Unpredictable, unexpected variations in performance, since some actions will use the local machine, some will use nearby machines, and some will use distant machines.
Power users will be frustrated at their inability to control the performance of their applications.
Users will face frustrating and mysterious failures as invisible machines fail.
It's much harder to implement security and understand the security implications of actions (for example, if users don't know where their private files are).
It's hard to allocate resources fairly; harder to get dedicated resources (for example, other people might be using your machine).
This is very hard to implement for the OS and application designers, and hard to support for the sysadmins, because of:
- handling communication between machines
- keeping data in synch
- coping with failures
- heterogeneous platforms

16.3

If the system call interface is really exactly the same, you could move the complete process image around. If the same OS but a different architecture is involved, then it may require interpretation or recompilation (from some intermediate, non-machine-specific, code representation)
If both the operating system and the architecture are different, your best bet is probably to use a virtual machine that translates (via interpretation or compilation) both the instructions *and* the system calls of the application so it will run on its new host. It's not too hard to imagine doing process migration of Java applications using this method. Basically, it means putting everything into a generic canonical form that can be interpreted from any environment.

16.5

No. Many status gathering programs work from the assumption that prackets may not be received by the destination system. These programs generally broadcast a packet and assume that at least some other systems on their network will receive the information. For instance, a daemon on each system might broadcast the systems load average and number of users. This information might be used for process migration target selection. Another example is a program that determines if a remote site is both running and accessible over the network. If it sends a query and gets no reply it knows the system currently can not be reached.

16.7

I think it is, in general, impossible for A to tell the difference between (a) and (b), unless there are other routes to B, or the link is shared (like ethernet).

Case (c) can typically be distinguished from a and b in practice by using a reliable protocol such as TCP, in which case B's kernel will do its best to acknowledge receipt of packets, even if the application takes a long time to respond. Even if not, you could distinguish (c) from the others by waiting sufficiently long. The trouble is that you don't know *how* long to wait!!

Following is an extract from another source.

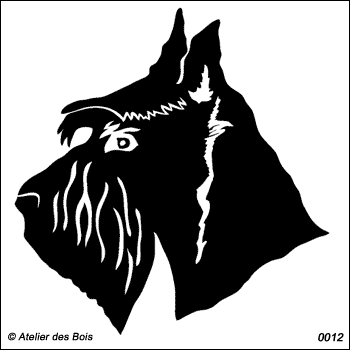 Irvine, Tête de Scottish Terrier (Foncé, traits fins)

This means that it's difficult to distinguish between a host that has failed from one that is merely unreachable or overloaded. This means:

It will be hard to figure out what to do to fix the broken host, since you don't know what's wrong.
You can write the failed host off and assume it's dead, and use another host instead (sometimes).
But you have to keep in mind that "failed" hosts may just be unreachable or overloaded, and thus may "reenter" the system later at any time.
Different entities in the network will have different ideas about which hosts are up and which are down, and what steps need to be taken to recover.